Mapping (tracing) the outlines of major occupiable subdivisions of the built environment as represented in the source material to create equivalent spatial information as the foundation of the outline base plan;
Case-specific conjecturing to resolve any remaining data gaps and ambiguities (data needs to be spatially contiguous), and subsequently revising the resultant outline base plan to ensure equivalent spatial data with topological integrity;
Identifying the BLTs by remapping (tracing) the outline base plan with conceptually validated individual data entries (polylines), while also revising and correcting the resultant spatial data structure to assure topological integrity.
In practice it can be expected that these steps, while presented discretely, bleed into each other reflexively (especially steps 2–3 and 3–4). This will be referred to in my report below on how these general steps play out in case work.
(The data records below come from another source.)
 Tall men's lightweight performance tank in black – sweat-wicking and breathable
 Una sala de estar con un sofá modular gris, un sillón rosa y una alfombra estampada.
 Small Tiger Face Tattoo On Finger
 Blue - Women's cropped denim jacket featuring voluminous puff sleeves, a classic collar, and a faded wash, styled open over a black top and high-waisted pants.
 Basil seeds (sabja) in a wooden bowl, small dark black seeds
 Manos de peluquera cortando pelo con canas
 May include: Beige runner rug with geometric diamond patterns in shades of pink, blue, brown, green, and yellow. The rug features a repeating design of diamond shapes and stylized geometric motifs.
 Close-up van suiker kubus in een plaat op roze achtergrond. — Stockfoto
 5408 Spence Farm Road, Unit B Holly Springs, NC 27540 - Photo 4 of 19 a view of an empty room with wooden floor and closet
The initial stage of preparation means converting the mapped data to an equal and appropriate digital format across all datasets. This technical format needs to be achieved before the further steps are taken, in order to ensure that the datasets will basically represent the same level of conceptual detail and ultimately follow the same conventions to convey information. Chapter 6 highlighted the methodological and integrative potential of GIS software. Here ESRI’s ArcGIS, version 10, was used as the primary GIS environment to conduct all methodologically specific mapping. ArcGIS was selected because of its widespread use in academic contexts, both in geography and archaeology, as well as its versatility in handling topological information in vector data (i.e. lines, points, and polygons. Lines and their connections are of paramount importance here). Nonetheless, for digitisation and data conversion other software packages were used and will be named when relevant.
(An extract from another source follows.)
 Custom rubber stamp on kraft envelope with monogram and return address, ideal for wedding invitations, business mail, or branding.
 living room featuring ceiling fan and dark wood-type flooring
The following account is provided with the aim of enabling those pursuing a similar workflow. The four steps are somewhat simplified. When working with increasing familiarity on each particular case and each individual data source, rules of thumb pragmatically emerge in the data creation processes that resolve ambiguities, uncertainty, and confusing data situations with certain degrees of subjective judgment. For our two cases and their data sources, the rules of thumb that emerged in this research are submitted at the end of this chapter. Besides such case-specific particularities, the general steps of the workflow can be pursued as stated. In this account the technical details are kept concise, and generic information on digital work is omitted. I will focus on the sequence of work and decisions for data preparation that produced usable results in the variety of situations that my test cases comprise. It can be expected that various software-based work sequences will be superseded by software updates. That means that the principles are more important than my precise actions within the software. Where instrumental for the results, the processes will be described.
Winchester maps
The Winchester city plans used consist of both the present-day situation and historical situations. The contemporary situation is based on the current large-scale mapping standard of the British Ordnance Survey, called MasterMap (from here on: MM). MM is a digital product of the Ordnance Survey (from here on: OS), updated up to every six months. The version for Winchester used was downloaded at the end of October 2011 (University of Leeds academic license for EDINA services) with the OS providing the complementary OS Imagery Layer (OS official aerial photography) and OS Address Layer (version 2) on disc in April 2012. The first historical time-slice is based fully on the first edition of the large-scale (1:500) OS city plan published between 1871 and 1872 (from here on: OS1872) (University of Leeds academic license for EDINA’s Historic Digimap). This is in keeping with common practice established by urban morphology (Chapter 6). The additional time-slices are sourced from the reconstructed plans for the later medieval period by Derek Keene (1985), respectively for around 1300, 1417 and 1550. Within the confines of testing the methodology the Winchester case does not revert further than the period around 1550 (from here on: 1550s), which demonstrates the same principles as would apply for the processes required to use the two further possible time-slices. Future research could also consider making the temporal resolution between time-slices more fine grained.9
To emphasise, the three city plans thus used are each of a different nature. MM is a born-digital plan, fully enabled to convert into GIS formats and visualisations, and represents the best British national mapping standards of accuracy. OS1872 is, while produced to be accurate, essentially a historical document. It is acquired in geoTIFF format (i.e. TIFF image files with a basic level of georeferencing: projecting, locating, and scaling it), containing the digital scans of original sheets. Finally, 1550s is a historically reconstructed map, dependent on the academic cartographic and historical research practice producing it.10 Interestingly, the mapping standards of OS1872 feature more detail than MM. In contrast, the burgage plot based historical research of Keene (1985) to produce 1550s provides only a basic level of detail, especially omitting the architectural morphology that would give us building outlines. Regardless, before any data standardisation can take place, OS1872 needs vectorisation and georeferencing to MM, while 1550s needs digitisation and vectorisation to be geospatially linked to the other two.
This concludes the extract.